94.実践篇:比喩を使いこなす

 今回は描写に欠かせない「比喩」を取り上げました。





比喩を使いこなす


 文章がある程度書けるようになってくるとあれこれやりたくなります。

 その中でとくに一人称視点での「描写」を巧みにしたくなるものです。

 「描写」文とは「ある立場から出来事で感じたことを述べている文」になります。

 一人称視点であれば「主人公が見たり聞いたり感じたりしたことを述べた文」なのです。
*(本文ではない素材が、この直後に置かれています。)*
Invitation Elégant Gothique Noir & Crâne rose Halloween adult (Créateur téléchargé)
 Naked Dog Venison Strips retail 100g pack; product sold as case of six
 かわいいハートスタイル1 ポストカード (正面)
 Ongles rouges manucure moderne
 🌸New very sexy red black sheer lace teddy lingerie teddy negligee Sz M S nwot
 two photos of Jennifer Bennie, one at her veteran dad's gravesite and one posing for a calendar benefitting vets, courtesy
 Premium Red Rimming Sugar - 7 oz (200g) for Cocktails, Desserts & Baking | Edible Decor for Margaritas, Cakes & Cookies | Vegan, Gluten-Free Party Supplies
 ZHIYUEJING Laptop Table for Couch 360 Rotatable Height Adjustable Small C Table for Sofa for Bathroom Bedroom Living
 説明文と描写文の違いはコラムNo.89でお話しているので省きます。


 では「主人公が見たり聞いたり感じたりしたことを述べる」とはなんでしょうか。

 主人公はある物事を「どう感じたか」ということであり、それがある物事を「なにかになぞらえた」らどうなるかということです。

 「なにかになぞらえた」。そう比喩を使うのです。





直喩(明喩)

 比喩の中で最もわかりやすいのが「直喩」でしょう。

 「直喩」はあるものと別のもの、ある動作と別の動作、ある状態と別の状態との共通点を利用して字句を修飾する比喩のひとつです。

 「雅美はまるで太陽のような女性だ」という名詞にたとえたり、「浩二はまるでハチに刺されたような腫れたまぶたをしていた」「彼の顔色はまるで血の気が失せたように青ざめた」という動詞にたとえたりします。

 文語体では「まるで〜」「あたかも〜」「さながら〜」で始まり、「〜のようだ」「〜のごとし」「〜そうだ」「〜そっくりだ」「〜も同然だ」で受ける形が一般的です。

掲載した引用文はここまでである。